From: Dan Williams <dan.j.williams@intel.com>
To: Luis Chamberlain <mcgrof@kernel.org>
Cc: "Tejun Heo" <tj@kernel.org>,
"Greg KH" <gregkh@linuxfoundation.org>,
"Andrew Morton" <akpm@linux-foundation.org>,
"Minchan Kim" <minchan@kernel.org>,
jeyu@kernel.org, shuah <shuah@kernel.org>,
"Randy Dunlap" <rdunlap@infradead.org>,
"Rafael J. Wysocki" <rafael@kernel.org>,
"Masahiro Yamada" <masahiroy@kernel.org>,
"Nick Desaulniers" <ndesaulniers@google.com>,
yzaikin@google.com, "Nathan Chancellor" <nathan@kernel.org>,
ojeda@kernel.org,
"Tetsuo Handa" <penguin-kernel@i-love.sakura.ne.jp>,
vitor@massaru.org, elver@google.com,
"Jarkko Sakkinen" <jarkko@kernel.org>,
"Alexander Potapenko" <glider@google.com>,
rf@opensource.cirrus.com,
"Stephen Hemminger" <stephen@networkplumber.org>,
"David Laight" <David.Laight@aculab.com>,
bvanassche@acm.org, jolsa@kernel.org,
"Andy Shevchenko" <andriy.shevchenko@linux.intel.com>,
trishalfonso@google.com, andreyknvl@gmail.com,
"Jiri Kosina" <jikos@kernel.org>,
mbenes@suse.com, "Nitin Gupta" <ngupta@vflare.org>,
"Sergey Senozhatsky" <sergey.senozhatsky.work@gmail.com>,
"Reinette Chatre" <reinette.chatre@intel.com>,
"Fenghua Yu" <fenghua.yu@intel.com>,
"Borislav Petkov" <bp@alien8.de>, "X86 ML" <x86@kernel.org>,
"H. Peter Anvin" <hpa@zytor.com>,
lizefan.x@bytedance.com, "Johannes Weiner" <hannes@cmpxchg.org>,
"Daniel Vetter" <daniel.vetter@ffwll.ch>,
"Bjorn Helgaas" <bhelgaas@google.com>,
"Krzysztof Wilczyński" <kw@linux.com>,
senozhatsky@chromium.org, "Christoph Hellwig" <hch@lst.de>,
"Joe Perches" <joe@perches.com>,
hkallweit1@gmail.com, "Jens Axboe" <axboe@kernel.dk>,
"Josh Poimboeuf" <jpoimboe@redhat.com>,
"Thomas Gleixner" <tglx@linutronix.de>,
"Kees Cook" <keescook@chromium.org>,
"Steven Rostedt" <rostedt@goodmis.org>,
"Peter Zijlstra" <peterz@infradead.org>,
linux-spdx@vger.kernel.org,
"Linux Doc Mailing List" <linux-doc@vger.kernel.org>,
linux-block@vger.kernel.org,
linux-fsdevel <linux-fsdevel@vger.kernel.org>,
linux-kselftest@vger.kernel.org, cgroups@vger.kernel.org,
"Linux Kernel Mailing List" <linux-kernel@vger.kernel.org>,
copyleft-next@lists.fedorahosted.org
Subject: Re: [PATCH v7 09/12] sysfs: fix deadlock race with module removal
Date: Mon, 20 Sep 2021 14:55:10 -0700 [thread overview]
Message-ID: <CAPcyv4jFaNTfpKq6hQsFrWXTwHz-wG+5K4m-hmsPeteLX4p5AQ@mail.gmail.com> (raw)
In-Reply-To: <YUj6TrGbqlNI0OGC@bombadil.infradead.org>
On Mon, Sep 20, 2021 at 2:17 PM Luis Chamberlain <mcgrof@kernel.org> wrote:
>
> On Mon, Sep 20, 2021 at 01:52:21PM -0700, Dan Williams wrote:
> > On Fri, Sep 17, 2021 at 10:05 PM Luis Chamberlain <mcgrof@kernel.org> wrote:
> > > This deadlock was first reported with the zram driver, however the live
> > > patching folks have acknowledged they have observed this as well with
> > > live patching, when a live patch is removed.
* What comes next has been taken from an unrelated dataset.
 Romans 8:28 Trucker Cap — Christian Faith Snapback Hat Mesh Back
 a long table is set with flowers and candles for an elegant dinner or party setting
I was then able to
> > > reproduce easily by creating a dedicated selftests.
> > >
> > > A sketch of how this can happen follows:
> > >
> > > CPU A CPU B
> > > whatever_store()
> > > module_unload
> > > mutex_lock(foo)
> > > mutex_lock(foo)
> > > del_gendisk(zram->disk);
> > > device_del()
> > > device_remove_groups()
> >
> > This flow seems possible to trigger with:
> >
> > echo $dev > /sys/bus/$bus/drivers/$driver/unbind
> >
> > I am missing why module pinning
>
> The aspect of try_module_get() which comes to value to prevent the
> deadlock is it ensures kernfs ops do not run once exit is on the way.
>
> > is part of the solution when it's the
> > device_del() path that is racing?
>
> But its not, the device_del() path will yield until the kernfs op
> completes. It is fine to wait there.
>
> The deadlock happens if a module exit routine uses a lock which is
> also used on a sysfs op. If the lock was first held by module exit,
> and module exit is waiting for the kernfs op to complete, and the
> kernfs op is waiting to hold the same lock then the exit will wait
> forever.
>
> > Module removal is just a more coarse
> > grained way to trigger unbind => device_del().
>
> Right, but the device_del() path is not sharing a lock with the sysfs op.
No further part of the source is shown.